Les débuts de l’Institut Sundance #

En juillet 1981, Robert Redford a rassemblé un groupe de personnages de l’industrie. Il voulait discuter de ce que pourrait être l’Institut Sundance, car il souhaitait faire quelque chose pour aider la scène du film indépendant. Nous nous sommes donc tous assis et en avons parlé. Je me souviens que Roger Ebert était fou de ne pas pouvoir écrire à ce sujet. [Redford] a dit : « Non, c’est une réunion sérieuse. Nous parlons de l’avenir de ce que je vais faire ici. »
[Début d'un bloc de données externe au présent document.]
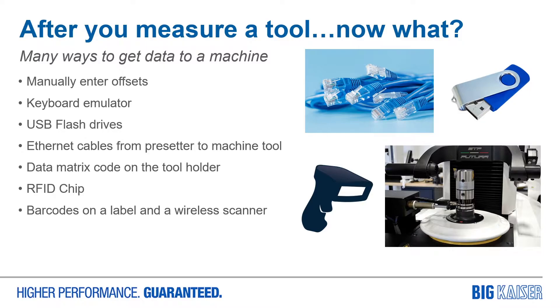You could manually enter it into the control, which is time consuming, and you run the risk of fat fingering or mistyping your data. You can use a keyboard emulator, but you must select each field and save the data each time. You could use a USB flash drive, which is a security risk just waiting to happen.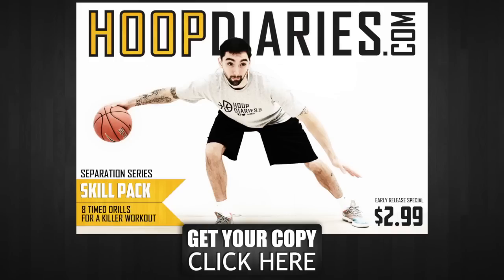This episode of Shop Mechanics is brought to you by hoopdiaries.com's Separation Series Skill Pack. This mobile download contains eight time drills for a killer workout that you can download straight to your mobile device. It costs less than an energy drink and every dollar helps the show, so just click the button now to tighten up those handles.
La première expérience de Sundance #

À cette époque, de nombreuses personnes avaient de l’argent et des idées de films. Je ne sais pas s’ils étaient des radicaux, mais ils venaient certainement des années 60 et avaient des choses à dire. La conclusion a été qu’il y avait énormément de gens qui voulaient réaliser ces films indépendants, mais qui ne savaient pas très bien comment les faire. [Redford] a décidé d’inviter des scénaristes. Il a reçu 100 scénarios et en a choisi 10 pour son nouveau laboratoire estival. Son idée était simple : « Nous inviterons tous mes amis de Los Angeles à venir, et nous amènerons les cinéastes ici pour leur apprendre à faire des films. »

J’étais chez United Artists Classics et j’ai été invité en tant que personne à fournir des informations sur la distribution. Mon premier voyage là-bas était juste fou. Vous aviez Sydney Pollack enseignant comment diriger. Vous aviez László Kovács apprenant aux gens à faire de la cinématographie. Le producteur de The Last Waltz, Jonathan Taplin, était là. Cheech Marin aussi. C’était juste une collection étrange de personnages.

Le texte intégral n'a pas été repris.